The Parsha we read on Shabbat Passover teaches 3 important lessons about leadership. The first lesson about leadership that we learn is that the leader needs to break the trail and be the one out front. The second lesson we learn is the necessity for openness and a willingness to hear feedback even when we don’t like what we are hearing.
At the very beginning of our Torah reading Moses turns to God and tells Him that the people want God to lead. That they want to know that He is in front of them. This is a lesson ingrained in many a soldier and team leader. One need look no further than the Israeli paratroopers motto “after me” to understand that leadership is not about telling others what to do. Rather leadership is about setting an example and giving others a path to follow. True leadership sets the example, showing others the most honest and direct path towards their goals.
What is interesting here is that Moses is giving feedback and advice to God. And God is open to Moses’ comments. He realizes that the people, as his followers, need to see that God is with them. It is not enough for Moses to tell them that God is with him.

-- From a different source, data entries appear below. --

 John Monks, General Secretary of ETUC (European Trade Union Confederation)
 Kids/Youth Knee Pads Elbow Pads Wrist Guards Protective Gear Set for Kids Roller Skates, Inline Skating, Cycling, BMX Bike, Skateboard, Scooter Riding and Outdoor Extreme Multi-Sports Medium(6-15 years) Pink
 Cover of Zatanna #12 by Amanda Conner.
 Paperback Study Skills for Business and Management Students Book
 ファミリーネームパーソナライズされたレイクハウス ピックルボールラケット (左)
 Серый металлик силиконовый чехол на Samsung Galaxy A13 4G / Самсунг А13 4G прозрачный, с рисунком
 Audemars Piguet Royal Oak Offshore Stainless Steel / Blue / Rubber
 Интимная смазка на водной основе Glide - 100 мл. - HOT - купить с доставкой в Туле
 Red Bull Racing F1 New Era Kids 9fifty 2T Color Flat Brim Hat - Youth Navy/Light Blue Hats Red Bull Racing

The third lesson we learn in this Parsha is that, while we may have favorites amongst our followers, favoritism in and of itself can be problematic. Concentrating on those we favor can cause us to forget or ignore the needs of the rest of our family or team. Those who are just as deserving of our attention, praise, and love. And often those people are just as much (and sometimes even more) in need of our leadership and attention than those whom we see in the best of light.

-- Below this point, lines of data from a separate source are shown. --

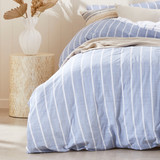 Adria Blue Reversible Stripe Quilt Cover Set [HABBADREQC23B]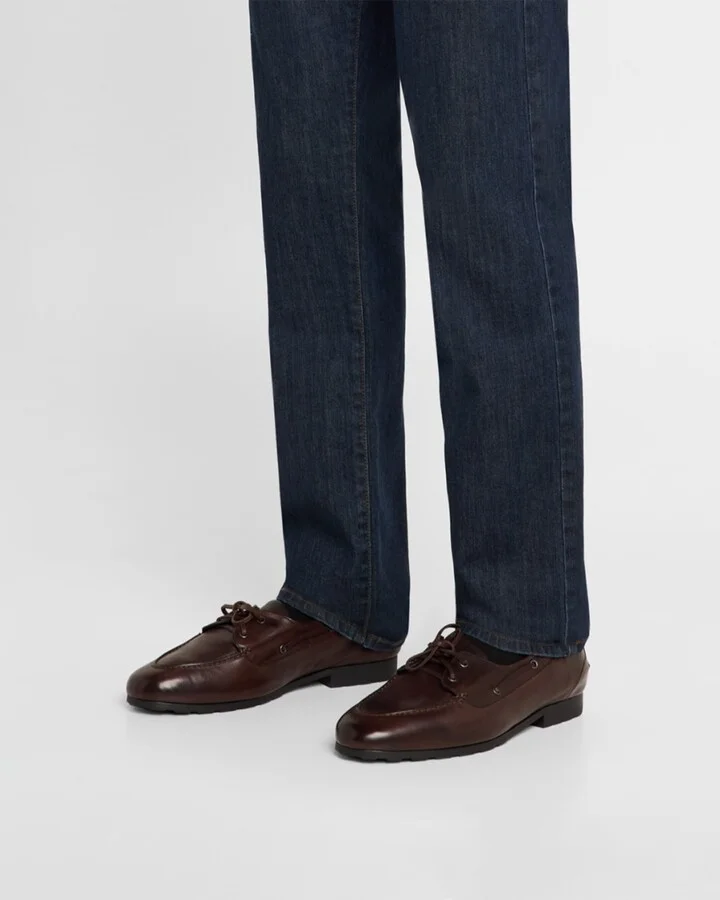 Men's Paquy Leather Boat Shoes - Image 6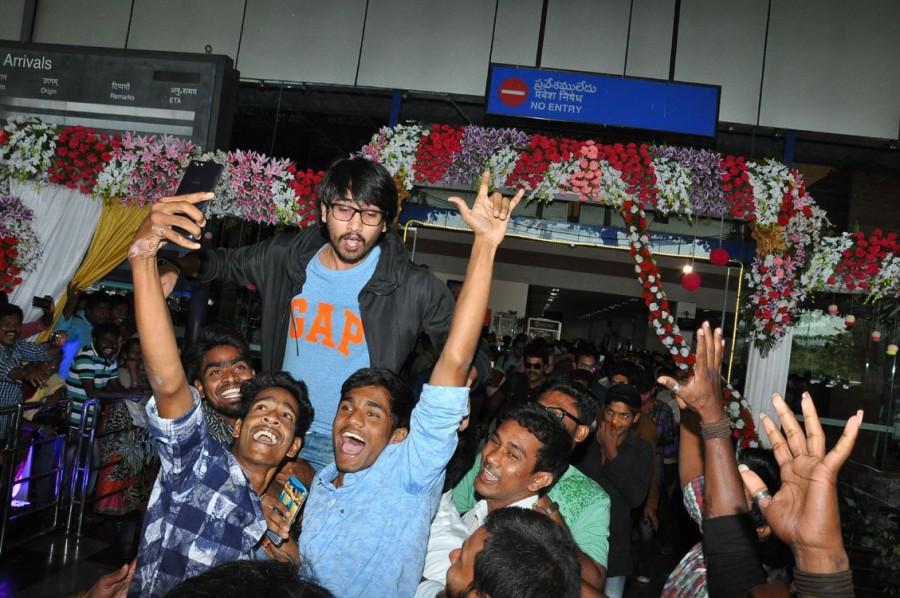 Celebs like Megastar Chiranjeevi, Boney Kapoor, Sridevi, Allu Sirish, Sunil, Raj Tarun, Ali and others snapped at Vizag Airport to attend Mohan Babu's 40 year Celebrations. Mohan Babu's Felicitation Ceremony,Mohan Babu Felicitation Ceremony,Mohan Babu,Mohan Babu 40 Celebrations,Mohan Babu 40 Years,Chiranjeevi,Boney Kapoor,Sridevi,Allu Sirish,Sunil,Ali,Megastar Chiranjeevi,MB40 Event,MB40,Raj Tarun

And this is a lesson we can all take the heart as we try and lead our families and companies in these trying times. Our children, our followers, need to see our example and know we have set them on the right path. But we must also be open to hearing the feedback they give and adapting ourselves to their needs. We must acknowledge that, while we may have favorites, we are leading all of them and they all need our love and attention.
On this Passover it is more important than ever that we recognize the true meaning of leadership in our families, our businesses, and our countries. Leadership is not just telling others to stay at home but it is also keeping distance while trying to bring others closer. Leadership is about setting the example and making sure we stay connected no matter whom we favor or how far apart we are.